- [Exercise details]
Retype the data that follows, keeping every character the same.

- [Data extract]
Start of Block

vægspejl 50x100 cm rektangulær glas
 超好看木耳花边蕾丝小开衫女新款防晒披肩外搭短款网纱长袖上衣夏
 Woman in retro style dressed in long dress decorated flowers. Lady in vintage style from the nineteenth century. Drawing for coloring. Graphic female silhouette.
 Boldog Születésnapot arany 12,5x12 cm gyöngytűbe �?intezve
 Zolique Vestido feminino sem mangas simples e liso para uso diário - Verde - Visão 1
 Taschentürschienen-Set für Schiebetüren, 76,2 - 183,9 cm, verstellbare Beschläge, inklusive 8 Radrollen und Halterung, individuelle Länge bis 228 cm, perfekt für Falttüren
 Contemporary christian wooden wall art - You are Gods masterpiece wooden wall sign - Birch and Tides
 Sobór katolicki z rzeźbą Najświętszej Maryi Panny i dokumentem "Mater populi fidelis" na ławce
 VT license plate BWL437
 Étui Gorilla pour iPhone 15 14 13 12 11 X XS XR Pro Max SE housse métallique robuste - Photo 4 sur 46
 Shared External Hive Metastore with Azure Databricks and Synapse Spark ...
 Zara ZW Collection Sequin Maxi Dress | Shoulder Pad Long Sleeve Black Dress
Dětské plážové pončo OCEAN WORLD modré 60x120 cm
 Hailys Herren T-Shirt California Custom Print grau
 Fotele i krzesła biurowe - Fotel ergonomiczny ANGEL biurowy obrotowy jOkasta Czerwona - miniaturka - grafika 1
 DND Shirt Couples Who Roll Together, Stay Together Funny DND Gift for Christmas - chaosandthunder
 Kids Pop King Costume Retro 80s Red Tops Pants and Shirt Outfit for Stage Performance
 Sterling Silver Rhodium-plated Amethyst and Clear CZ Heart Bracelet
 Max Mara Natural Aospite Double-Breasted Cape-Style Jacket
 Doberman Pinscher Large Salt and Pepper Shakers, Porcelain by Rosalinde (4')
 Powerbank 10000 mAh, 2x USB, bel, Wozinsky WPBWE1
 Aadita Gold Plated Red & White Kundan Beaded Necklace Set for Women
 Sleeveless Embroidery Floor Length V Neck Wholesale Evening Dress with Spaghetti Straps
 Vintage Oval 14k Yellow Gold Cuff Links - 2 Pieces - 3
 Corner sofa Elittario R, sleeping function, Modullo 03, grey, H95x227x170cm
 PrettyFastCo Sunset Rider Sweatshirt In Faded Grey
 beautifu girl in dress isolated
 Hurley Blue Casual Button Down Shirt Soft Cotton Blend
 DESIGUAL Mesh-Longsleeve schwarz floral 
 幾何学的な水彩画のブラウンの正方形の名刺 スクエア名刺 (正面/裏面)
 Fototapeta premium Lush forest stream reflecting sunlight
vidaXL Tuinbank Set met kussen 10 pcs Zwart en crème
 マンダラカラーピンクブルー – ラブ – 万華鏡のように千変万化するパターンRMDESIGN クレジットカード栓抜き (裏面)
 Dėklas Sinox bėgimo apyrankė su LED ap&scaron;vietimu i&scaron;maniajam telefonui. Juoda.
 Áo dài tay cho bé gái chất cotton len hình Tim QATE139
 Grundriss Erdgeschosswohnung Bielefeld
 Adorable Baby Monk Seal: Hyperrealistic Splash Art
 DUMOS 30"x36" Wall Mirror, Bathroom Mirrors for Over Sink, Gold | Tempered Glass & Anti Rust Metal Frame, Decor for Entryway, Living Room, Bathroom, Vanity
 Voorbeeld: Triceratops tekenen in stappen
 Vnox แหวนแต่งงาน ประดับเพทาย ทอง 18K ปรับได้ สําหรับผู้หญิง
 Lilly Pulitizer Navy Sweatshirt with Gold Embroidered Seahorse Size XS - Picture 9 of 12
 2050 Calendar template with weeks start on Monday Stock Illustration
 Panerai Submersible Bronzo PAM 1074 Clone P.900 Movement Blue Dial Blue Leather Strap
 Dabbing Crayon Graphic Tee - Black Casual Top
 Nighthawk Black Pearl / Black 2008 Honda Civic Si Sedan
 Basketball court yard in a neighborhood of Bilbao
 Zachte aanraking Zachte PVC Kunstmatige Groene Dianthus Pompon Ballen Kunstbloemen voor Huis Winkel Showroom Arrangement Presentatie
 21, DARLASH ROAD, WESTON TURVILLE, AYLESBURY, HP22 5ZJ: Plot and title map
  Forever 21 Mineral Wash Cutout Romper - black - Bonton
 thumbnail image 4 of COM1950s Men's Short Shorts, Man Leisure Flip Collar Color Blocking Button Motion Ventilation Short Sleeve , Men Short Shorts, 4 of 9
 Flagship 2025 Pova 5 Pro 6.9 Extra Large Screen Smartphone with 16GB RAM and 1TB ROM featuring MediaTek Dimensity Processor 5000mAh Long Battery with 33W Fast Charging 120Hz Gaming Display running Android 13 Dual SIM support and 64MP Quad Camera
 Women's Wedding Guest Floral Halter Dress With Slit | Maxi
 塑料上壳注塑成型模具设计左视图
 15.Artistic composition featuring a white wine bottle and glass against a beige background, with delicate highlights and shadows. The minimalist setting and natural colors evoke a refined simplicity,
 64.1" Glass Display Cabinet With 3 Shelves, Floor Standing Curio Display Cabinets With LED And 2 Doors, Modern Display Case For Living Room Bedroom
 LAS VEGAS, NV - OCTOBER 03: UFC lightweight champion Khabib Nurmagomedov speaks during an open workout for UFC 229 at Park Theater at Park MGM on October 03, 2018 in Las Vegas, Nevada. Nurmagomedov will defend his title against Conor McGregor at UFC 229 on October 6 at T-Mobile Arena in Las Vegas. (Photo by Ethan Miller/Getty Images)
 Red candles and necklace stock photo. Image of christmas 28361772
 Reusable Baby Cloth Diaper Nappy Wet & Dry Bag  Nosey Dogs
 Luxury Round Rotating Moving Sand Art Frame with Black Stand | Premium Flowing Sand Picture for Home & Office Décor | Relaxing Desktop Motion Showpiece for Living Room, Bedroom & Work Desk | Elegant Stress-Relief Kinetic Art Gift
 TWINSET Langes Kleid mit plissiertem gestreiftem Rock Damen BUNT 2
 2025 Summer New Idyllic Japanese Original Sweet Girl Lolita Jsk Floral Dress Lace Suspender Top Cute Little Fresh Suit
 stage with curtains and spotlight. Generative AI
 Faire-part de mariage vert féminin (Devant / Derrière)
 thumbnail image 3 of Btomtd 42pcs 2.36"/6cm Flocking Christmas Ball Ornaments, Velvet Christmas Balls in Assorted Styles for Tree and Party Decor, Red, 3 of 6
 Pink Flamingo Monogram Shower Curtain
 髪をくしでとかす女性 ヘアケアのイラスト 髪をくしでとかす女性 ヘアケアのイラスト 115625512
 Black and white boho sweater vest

End of Block

- [Response to this exercise]
vægspejl 50x100 cm rektangulær glas
 超好看木耳花边蕾丝小开衫女新款防晒披肩外搭短款网纱长袖上衣夏
 Woman in retro style dressed in long dress decorated flowers. Lady in vintage style from the nineteenth century. Drawing for coloring. Graphic female silhouette.
 Boldog Születésnapot arany 12,5x12 cm gyöngytűbe �?intezve
 Zolique Vestido feminino sem mangas simples e liso para uso diário - Verde - Visão 1
 Taschentürschienen-Set für Schiebetüren, 76,2 - 183,9 cm, verstellbare Beschläge, inklusive 8 Radrollen und Halterung, individuelle Länge bis 228 cm, perfekt für Falttüren
 Contemporary christian wooden wall art - You are Gods masterpiece wooden wall sign - Birch and Tides
 Sobór katolicki z rzeźbą Najświętszej Maryi Panny i dokumentem "Mater populi fidelis" na ławce
 VT license plate BWL437
 Étui Gorilla pour iPhone 15 14 13 12 11 X XS XR Pro Max SE housse métallique robuste - Photo 4 sur 46
 Shared External Hive Metastore with Azure Databricks and Synapse Spark ...
 Zara ZW Collection Sequin Maxi Dress | Shoulder Pad Long Sleeve Black Dress
Dětské plážové pončo OCEAN WORLD modré 60x120 cm
 Hailys Herren T-Shirt California Custom Print grau
 Fotele i krzesła biurowe - Fotel ergonomiczny ANGEL biurowy obrotowy jOkasta Czerwona - miniaturka - grafika 1
 DND Shirt Couples Who Roll Together, Stay Together Funny DND Gift for Christmas - chaosandthunder
 Kids Pop King Costume Retro 80s Red Tops Pants and Shirt Outfit for Stage Performance
 Sterling Silver Rhodium-plated Amethyst and Clear CZ Heart Bracelet
 Max Mara Natural Aospite Double-Breasted Cape-Style Jacket
 Doberman Pinscher Large Salt and Pepper Shakers, Porcelain by Rosalinde (4')
 Powerbank 10000 mAh, 2x USB, bel, Wozinsky WPBWE1
 Aadita Gold Plated Red & White Kundan Beaded Necklace Set for Women
 Sleeveless Embroidery Floor Length V Neck Wholesale Evening Dress with Spaghetti Straps
 Vintage Oval 14k Yellow Gold Cuff Links - 2 Pieces - 3
 Corner sofa Elittario R, sleeping function, Modullo 03, grey, H95x227x170cm
 PrettyFastCo Sunset Rider Sweatshirt In Faded Grey
 beautifu girl in dress isolated
 Hurley Blue Casual Button Down Shirt Soft Cotton Blend
 DESIGUAL Mesh-Longsleeve schwarz floral 
 幾何学的な水彩画のブラウンの正方形の名刺 スクエア名刺 (正面/裏面)
 Fototapeta premium Lush forest stream reflecting sunlight
vidaXL Tuinbank Set met kussen 10 pcs Zwart en crème
 マンダラカラーピンクブルー – ラブ – 万華鏡のように千変万化するパターンRMDESIGN クレジットカード栓抜き (裏面)
 Dėklas Sinox bėgimo apyrankė su LED ap&scaron;vietimu i&scaron;maniajam telefonui. Juoda.
 Áo dài tay cho bé gái chất cotton len hình Tim QATE139
 Grundriss Erdgeschosswohnung Bielefeld
 Adorable Baby Monk Seal: Hyperrealistic Splash Art
 DUMOS 30"x36" Wall Mirror, Bathroom Mirrors for Over Sink, Gold | Tempered Glass & Anti Rust Metal Frame, Decor for Entryway, Living Room, Bathroom, Vanity
 Voorbeeld: Triceratops tekenen in stappen
 Vnox แหวนแต่งงาน ประดับเพทาย ทอง 18K ปรับได้ สําหรับผู้หญิง
 Lilly Pulitizer Navy Sweatshirt with Gold Embroidered Seahorse Size XS - Picture 9 of 12
 2050 Calendar template with weeks start on Monday Stock Illustration
 Panerai Submersible Bronzo PAM 1074 Clone P.900 Movement Blue Dial Blue Leather Strap
 Dabbing Crayon Graphic Tee - Black Casual Top
 Nighthawk Black Pearl / Black 2008 Honda Civic Si Sedan
 Basketball court yard in a neighborhood of Bilbao
 Zachte aanraking Zachte PVC Kunstmatige Groene Dianthus Pompon Ballen Kunstbloemen voor Huis Winkel Showroom Arrangement Presentatie
 21, DARLASH ROAD, WESTON TURVILLE, AYLESBURY, HP22 5ZJ: Plot and title map
  Forever 21 Mineral Wash Cutout Romper - black - Bonton
 thumbnail image 4 of COM1950s Men's Short Shorts, Man Leisure Flip Collar Color Blocking Button Motion Ventilation Short Sleeve , Men Short Shorts, 4 of 9
 Flagship 2025 Pova 5 Pro 6.9 Extra Large Screen Smartphone with 16GB RAM and 1TB ROM featuring MediaTek Dimensity Processor 5000mAh Long Battery with 33W Fast Charging 120Hz Gaming Display running Android 13 Dual SIM support and 64MP Quad Camera
 Women's Wedding Guest Floral Halter Dress With Slit | Maxi
 塑料上壳注塑成型模具设计左视图
 15.Artistic composition featuring a white wine bottle and glass against a beige background, with delicate highlights and shadows. The minimalist setting and natural colors evoke a refined simplicity,
 64.1" Glass Display Cabinet With 3 Shelves, Floor Standing Curio Display Cabinets With LED And 2 Doors, Modern Display Case For Living Room Bedroom
 LAS VEGAS, NV - OCTOBER 03: UFC lightweight champion Khabib Nurmagomedov speaks during an open workout for UFC 229 at Park Theater at Park MGM on October 03, 2018 in Las Vegas, Nevada. Nurmagomedov will defend his title against Conor McGregor at UFC 229 on October 6 at T-Mobile Arena in Las Vegas. (Photo by Ethan Miller/Getty Images)
 Red candles and necklace stock photo. Image of christmas 28361772
 Reusable Baby Cloth Diaper Nappy Wet & Dry Bag  Nosey Dogs
 Luxury Round Rotating Moving Sand Art Frame with Black Stand | Premium Flowing Sand Picture for Home & Office Décor | Relaxing Desktop Motion Showpiece for Living Room, Bedroom & Work Desk | Elegant Stress-Relief Kinetic Art Gift
 TWINSET Langes Kleid mit plissiertem gestreiftem Rock Damen BUNT 2
 2025 Summer New Idyllic Japanese Original Sweet Girl Lolita Jsk Floral Dress Lace Suspender Top Cute Little Fresh Suit
 stage with curtains and spotlight. Generative AI
 Faire-part de mariage vert féminin (Devant / Derrière)
 thumbnail image 3 of Btomtd 42pcs 2.36"/6cm Flocking Christmas Ball Ornaments, Velvet Christmas Balls in Assorted Styles for Tree and Party Decor, Red, 3 of 6
 Pink Flamingo Monogram Shower Curtain
 髪をくしでとかす女性 ヘアケアのイラスト 髪をくしでとかす女性 ヘアケアのイラスト 115625512
 Black and white boho sweater vest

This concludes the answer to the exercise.